- **PROBLEM REQUIREMENTS**
Nothing but the lines below between the line holding "Single Family Residence, 43" and the line holding "Портмоне для кредитных", inclusive, should appear in the answer, each set down exactly.

- **DATA PROVIDED**
▶

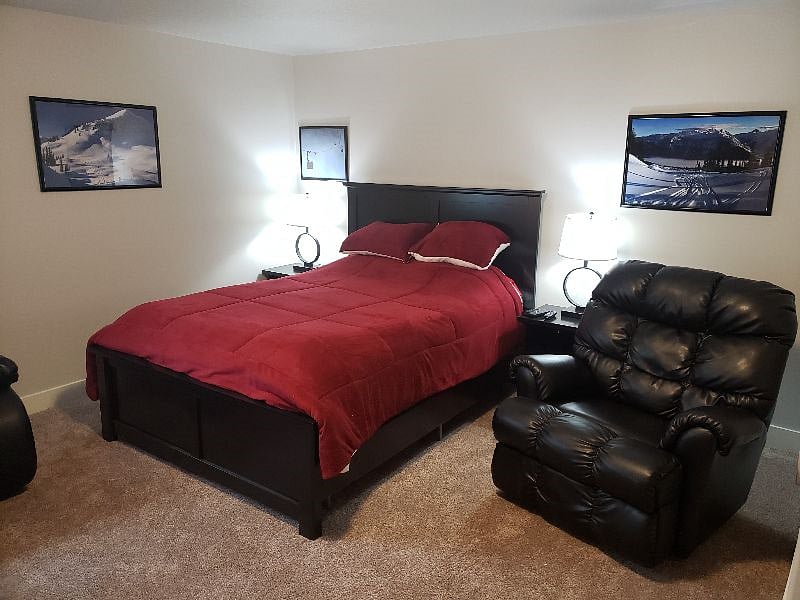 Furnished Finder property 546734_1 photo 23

◀
▶

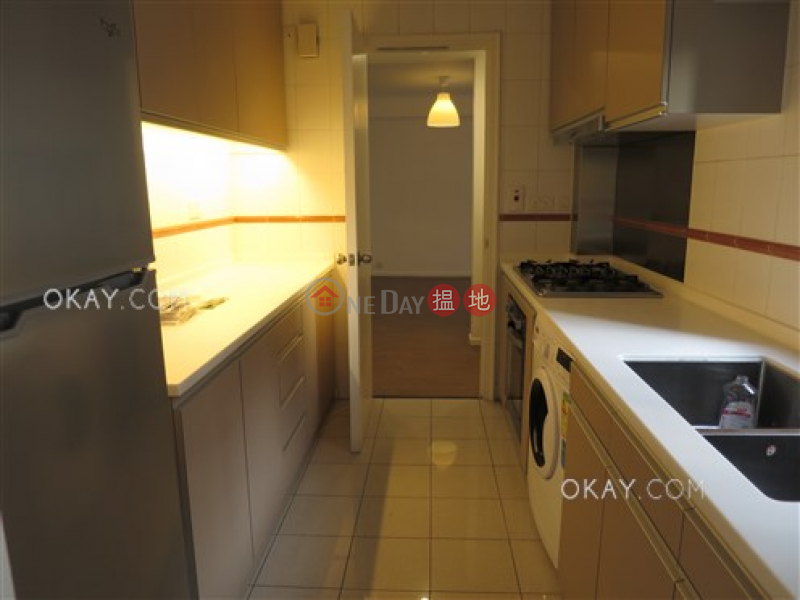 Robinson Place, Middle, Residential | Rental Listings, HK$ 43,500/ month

◀
▶

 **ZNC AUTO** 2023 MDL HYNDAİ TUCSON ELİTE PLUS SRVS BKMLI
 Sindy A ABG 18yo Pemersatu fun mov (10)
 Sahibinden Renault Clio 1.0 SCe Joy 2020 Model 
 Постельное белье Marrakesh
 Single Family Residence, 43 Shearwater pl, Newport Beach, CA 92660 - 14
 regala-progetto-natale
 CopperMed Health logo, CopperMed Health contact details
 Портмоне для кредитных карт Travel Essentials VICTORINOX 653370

◀

- **RESULT OF THIS TASK**
 Single Family Residence, 43 Shearwater pl, Newport Beach, CA 92660 - 14
 regala-progetto-natale
 CopperMed Health logo, CopperMed Health contact details
 Портмоне для кредитных карт Travel Essentials VICTORINOX 653370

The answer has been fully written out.